Commerce Dept. expands export controls to advanced AI model weights

Serge Bulaev

Serge Bulaev

The U.S. Commerce Department has expanded export controls to cover advanced AI model weights, which may restrict their transfer like high-end computer chips. In Europe, the new EU AI Act sets rules for general and high-risk AI models, and following these rules early appears to help companies get contracts faster. Companies now face higher costs to follow different rules in the U.S., EU, and China, and experts suggest these costs may outweigh other savings. There is also a proposal for a big tax on very large U.S. AI firms to share profits with citizens, which might change who benefits from AI. It seems that the future of AI market control depends on how strict and fast regulators act and how industry adapts to these new rules.

Commerce Dept. expands export controls to advanced AI model weights

The recent expansion of export controls on advanced AI model weights by the U.S. Commerce Dept. signals a shift in the global battle for AI dominance, moving from ethics debates to the trenches of regulation. The core issue is clear: whoever controls the enforcement levers - export controls, procurement conditions, and technical standards - will shape the future of the AI market as profoundly as the technology itself.

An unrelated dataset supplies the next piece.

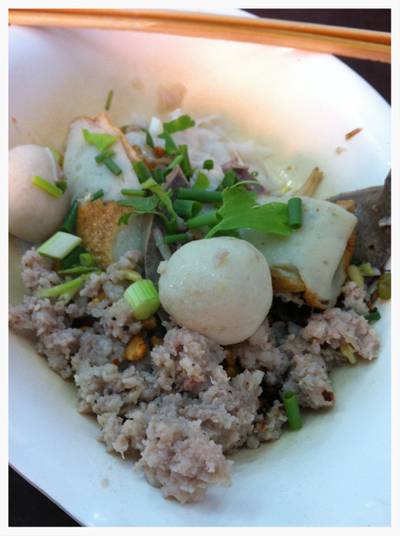 เส้นใหญ่แห้งต้มยำ::40บาท ที่ ร้านอาหาร รุ่งเรือง ก๋วยเตี๋ยวหมู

The export control squeeze

The U.S. Commerce Department now treats the weights of powerful AI models as dual-use technology, similar to high-end computer chips. This policy restricts their transfer across borders, subjecting advanced AI systems to new export control rules designed to manage national security risks associated with their proliferation.

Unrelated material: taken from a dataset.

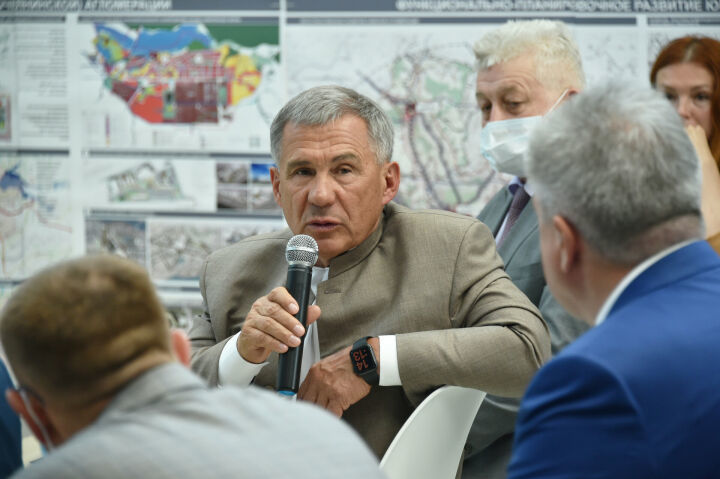 Президент РТ: Между Казанью и близлежащими районами нужно создавать мощные промзоны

Washington's regulatory reach has widened significantly. The Commerce Department's January 2025 decision (effective Jan 13, 2025) extended dual-use rules to the weights of advanced AI models. While the Commerce Department has updated export controls on AI chips, the extension to model weights represents a significant expansion of regulatory oversight. This regulatory shift has established new precedents and added significant audit burdens that are becoming standard operating costs for AI labs.

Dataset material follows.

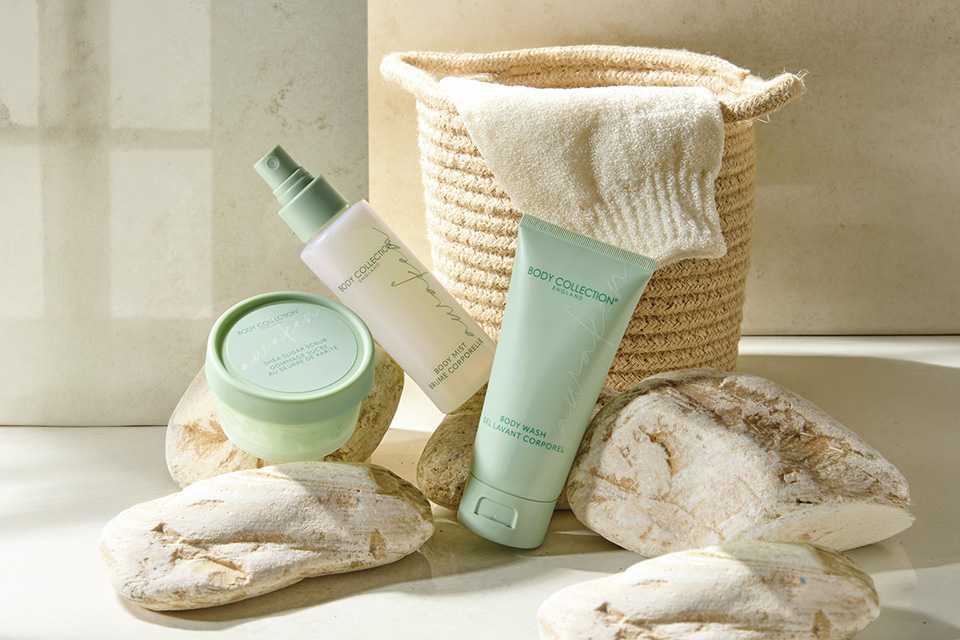 Body Collection Awaken Body Glow Gift Set.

Standards shift from guidance to gatekeeping

In contrast, European lawmakers are using standards as a form of market gatekeeping. The EU AI Act entered force in August 2024 with a phased rollout. While systemic-risk guardrails are in place, the comprehensive high-risk regime is still being implemented. AI providers that adopt the Act's voluntary Code of Practice early are gaining a competitive edge through faster procurement approvals and lower litigation risk.

Procurement as compliance firewall

Procurement policies are becoming a key compliance firewall. For major buyers, a model's provenance is now as critical as its performance. While NIST AI 100-1 provides a voluntary framework, federal agencies are increasingly requiring detailed documentation and security testing, though these requirements are not universally mandated as binding requirements for all AI labs. Standard approval cycles depend on regulatory compliance rather than proprietary systems.

Triple compliance costs hit vendors

AI vendors operating globally now contend with a 'triple compliance' burden, navigating divergent audit regimes in the United States, the European Union, and China. This has created a permanent cost category for legal and operational teams, which includes:

  • Continuously mapping export-control exposure.
  • Stress-testing business scenarios against regulatory divergence.
  • Architecturally segregating deployments by jurisdiction.

Industry experts warn that these compliance costs are beginning to outpace the savings from falling token prices, effectively neutralizing the economic benefits of model commoditization.

Stakes: public wealth funds and trusted supplier lists

The stakes in this regulatory battle extend directly to who captures AI's economic gains. The American AI Sovereign Wealth Fund Act imposes a one-time 50% stock (equity) tax on qualifying U.S. AI firms with at least $200 million in annual AI revenue. The fund structure aims to redirect a portion of AI profits to the public before 'trusted supplier' lists lock in dominant incumbents.

Possible scenarios

Looking ahead, several scenarios could unfold:

  • Fragmented Global Markets: Divergent export controls and recall powers could lead to region-locked AI ecosystems, limiting interoperability.
  • Rise of 'De-Risked' Vendors: Companies that invest heavily in early compliance may capture global market share, even with lower profit margins.
  • Public Wealth Capture: Legislation like sovereign wealth funds could redirect a portion of AI profits to the public, shifting private investment toward data and application layers.

The final outcome will be determined by the aggressiveness of regulators and the speed at which the industry integrates governance into its core products. The rule-writers of today are not just drafting laws; they are shaping the economic foundations of the future.